The decision by a panel appointed by parliament to investigate public protector’s Busisiwe Mkhwebane’s competence has arrived at a predictable but welcome conclusion. Parliament should start a process to remove her.
At the heart of this long and arduous battle, as a result of which our democracy is poorer, is the question whether Mkhwebane is possessed of the necessary will and wherewithal to discharge responsibilities bestowed on her and the office she leads by the constitution. The panel, led by Constitutional Court judge Bess Nkabinde, found prima facie evidence of her incompetence and misconduct. This includes her bold but misguided decisions that parliament must amend the constitution.
While the three-member panel, which included adv Dumisa Ntsebeza and adv Johan de Waal, found a plethora of errors of the same kind, incorrect interpretation of the law, selective use of information and failure to provide subjects of investigations a right to respond, it worryingly suggested she was unteachable: “This (repeated errors) suggests an inability to learn from mistakes by adopting a more careful approach.”

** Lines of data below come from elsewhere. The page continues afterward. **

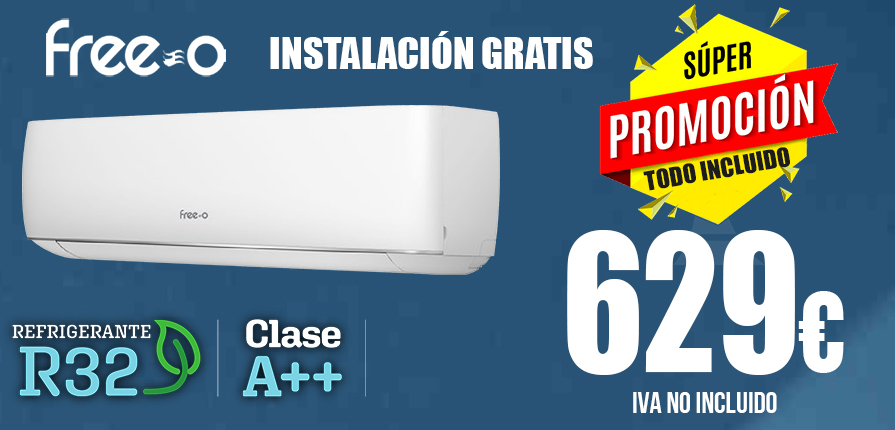 Oferta Aire Acondicionado FREE-O-25V-DV 2000 Frigorías con Instalación Gratis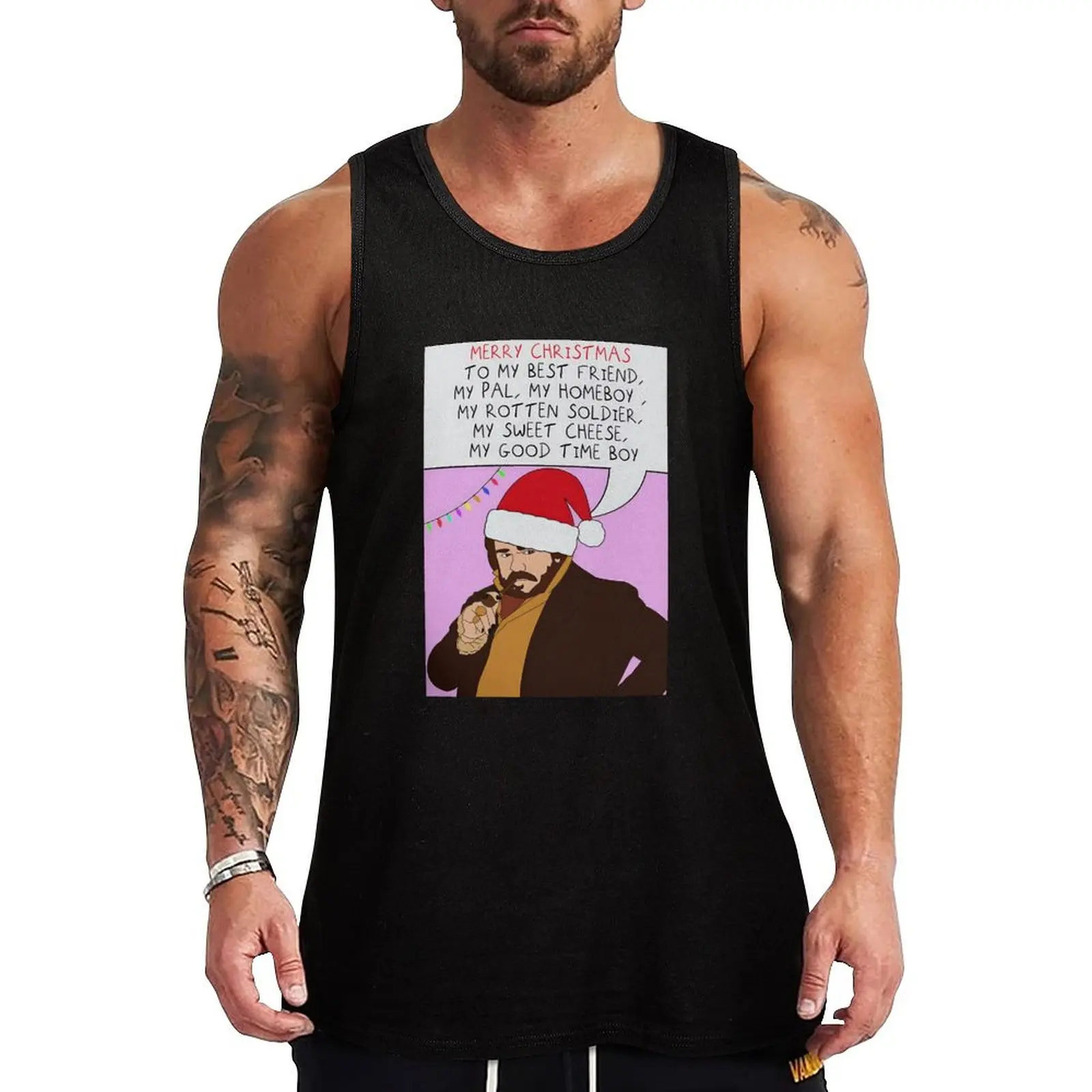 WWDITS Christmas Hat Lazslo Tank Top Work Outdoor Tank Top Durable Utility Sleeveless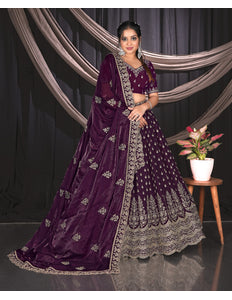 Magenta Designer Fendy Lehenga Choli For Partys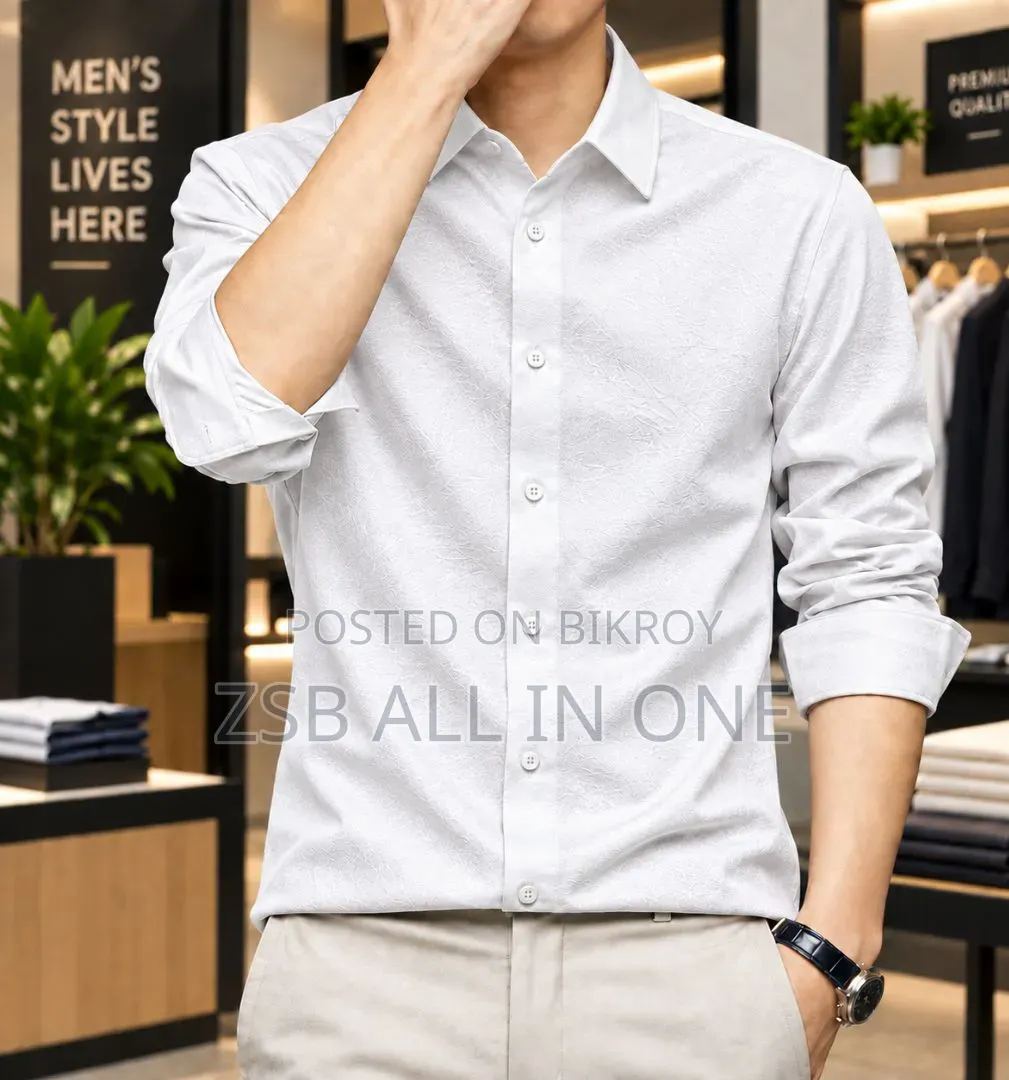 Premium Solid Stitch Full Sleeve Shirt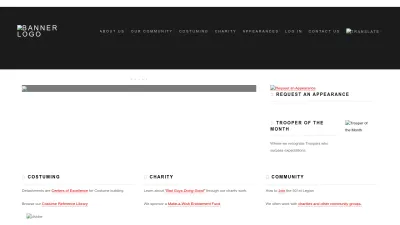 Screenshot preview of 501st.com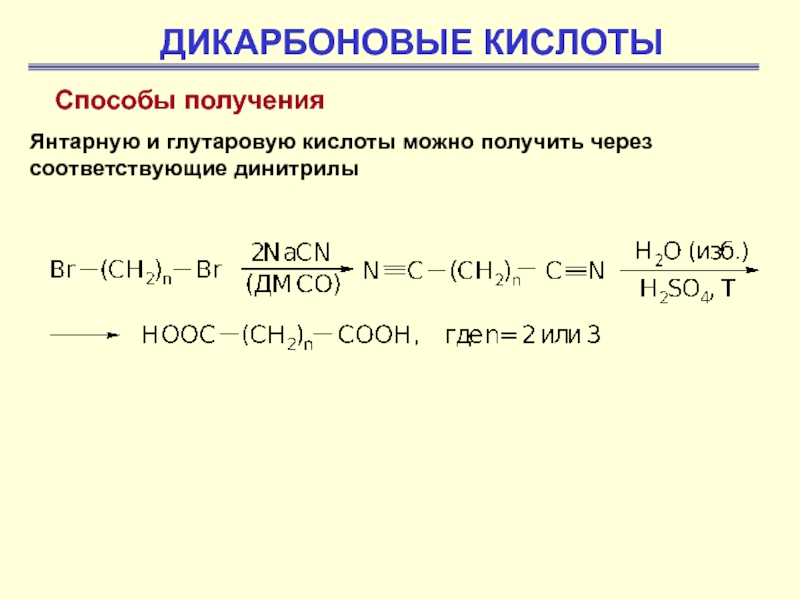 Дикарбоновые кислоты презентация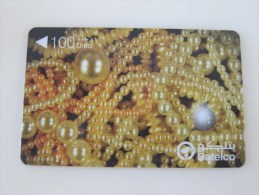 GPT Magnetic Phonecard,49BAHN Pearls 3,used - Bahrain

The panel cited, as examples of misconduct, Mkhwebane’s failure to reveal that she privately consulted former president Jacob Zuma and her former employers, the State Security Agency, during her SA Reserve Bank investigations, in addition to her failure to honour an agreement with the SARB. The less said about Zuma and Mkhwebane’s continued association with intelligence structures the better.
South Africans deserve a public protector who will be fearless without being needlessly antagonistic.

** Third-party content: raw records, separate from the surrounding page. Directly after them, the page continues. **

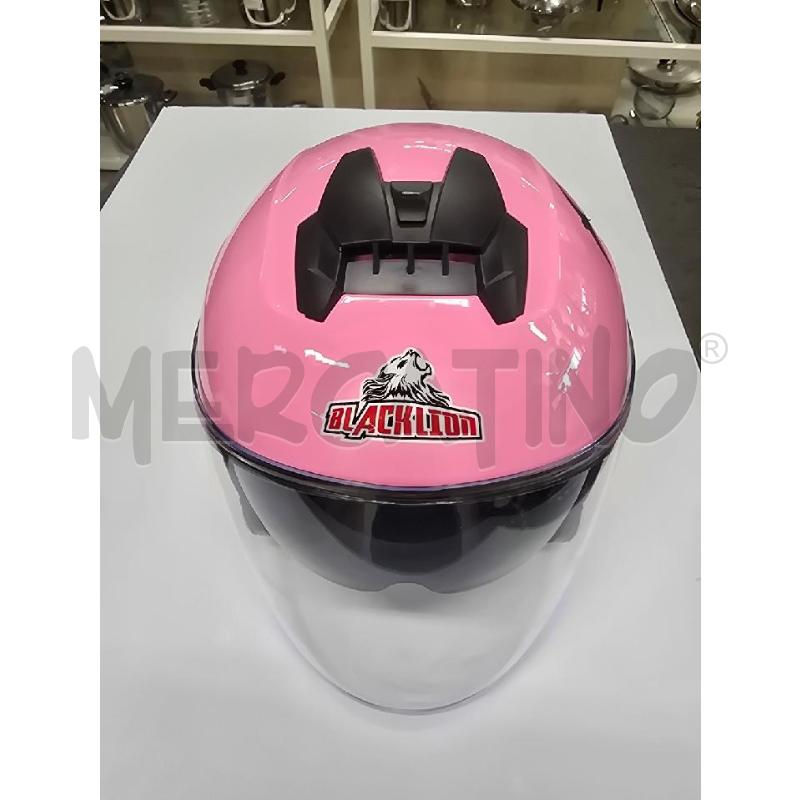 CASCO MOTO ROSA CON VISIERA | Mercatino dell'Usato Acerra 1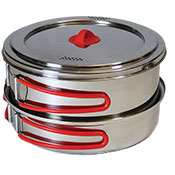 Coghlans Stainless Steel Family Cookset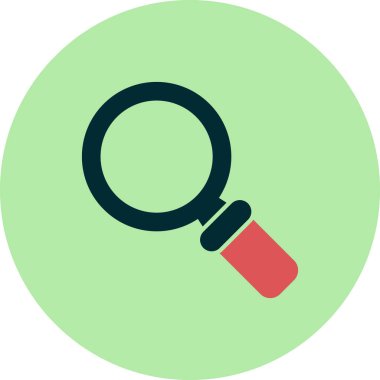 Ara. Web simgesi basit illüstrasyon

What is now expected is that a sitting of the national assembly will either reject or adopt the recommendation, after which a parliamentary inquiry into her fitness to hold office will get under way. Should this happen, Mkhwebane will go down in history as democratic SA’s first head of a Chapter 9 institution to get the dubious honour of being impeached.
Two key issues arise from the recommendation by the panel for her removal.

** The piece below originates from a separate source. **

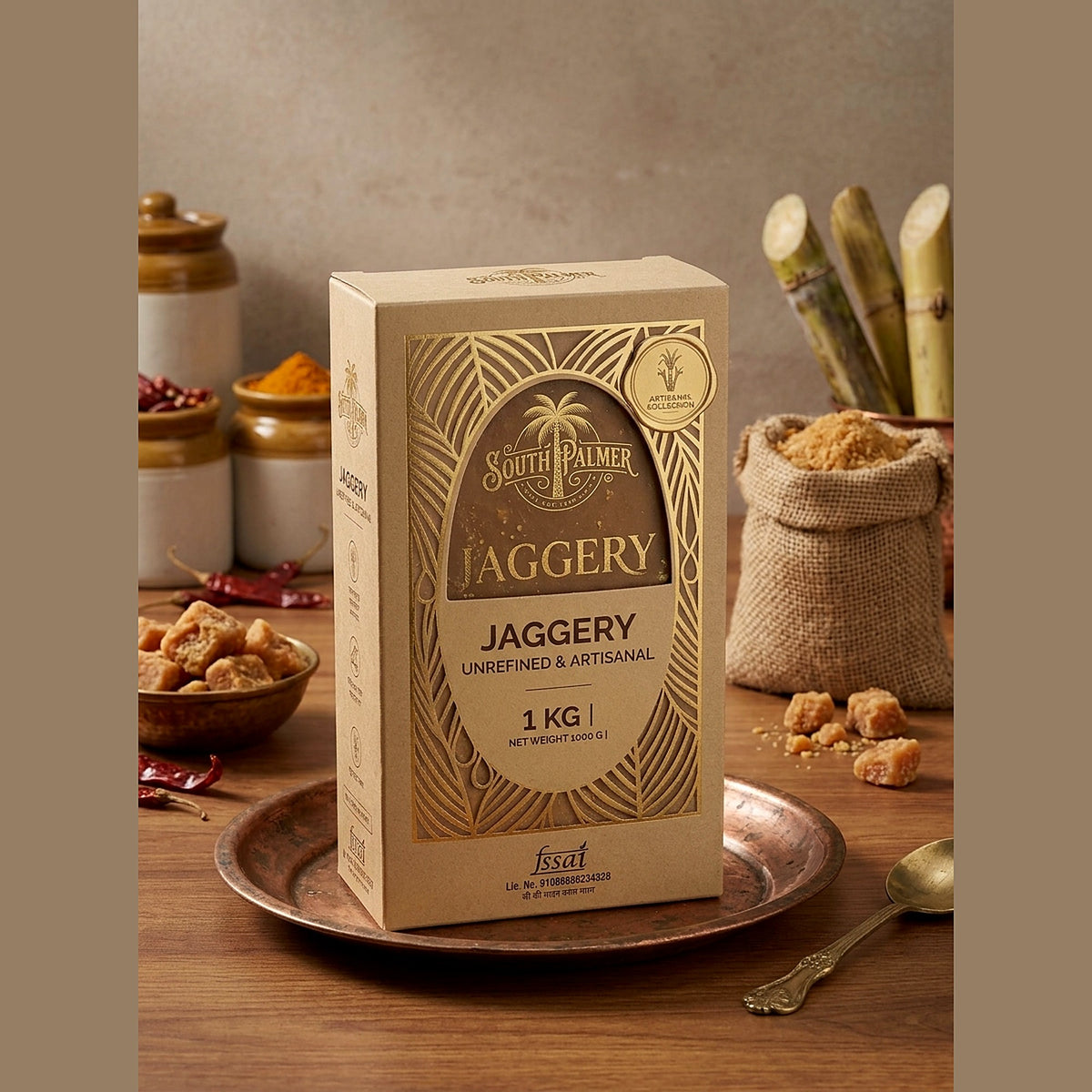 South Palmer Jaggery Block pack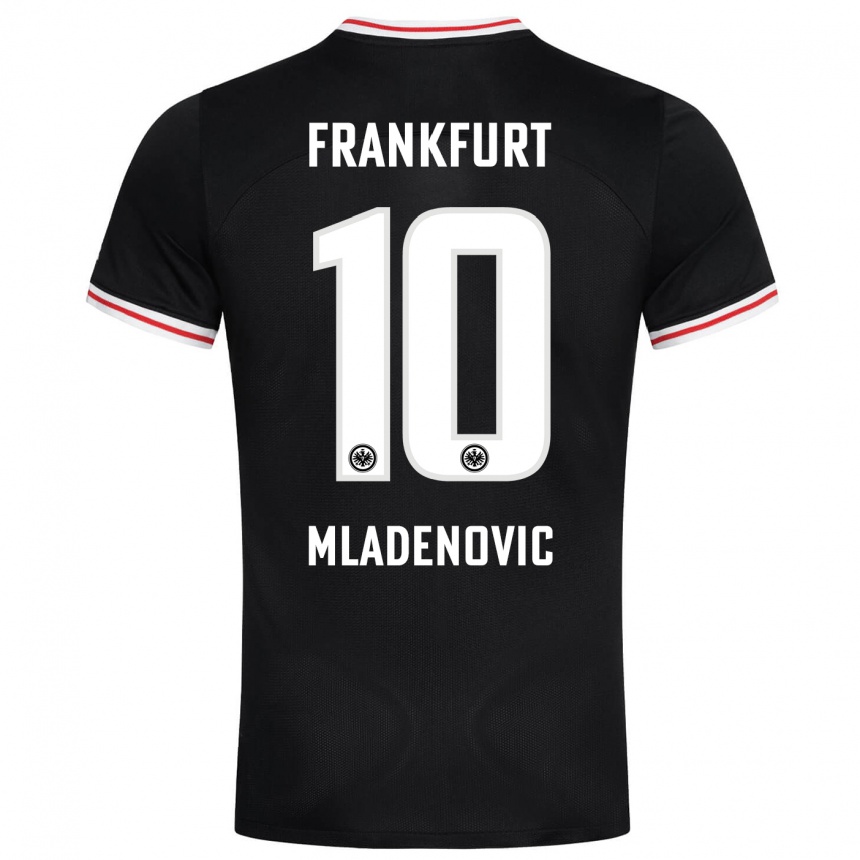 Kids Football Marko Mladenovic #10 Black Away Jersey 2023/24 T-Shirt Canada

First, we must, as a country, ensure that the process undertaken to remove Mkhwebane will stand the test of time. Put differently, we must not, in our rush to get rid of a patently rogue public protector, set in place processes that make future protectors fearful of taking courageous decisions in the national interest because they fear being removed. And for the record, Mkhwebane is not such a leader. If anything, her decisions were not in the interests of our country and her removal is long overdue.
Second, we must ensure that future protectors know and fully understand that their longevity in office is not dependent on them taking decisions that meet the approval of whoever runs the country at a given time. In other words, our future protectors must understand that being a sweetheart protector is equally a disservice to our democracy.
South Africans deserve a public protector who will be fearless, without being needlessly antagonistic; who will be patriotic without seeking to please; who will use the law, on behalf of the voiceless, to get the high and mighty to deliver on the democratic promise.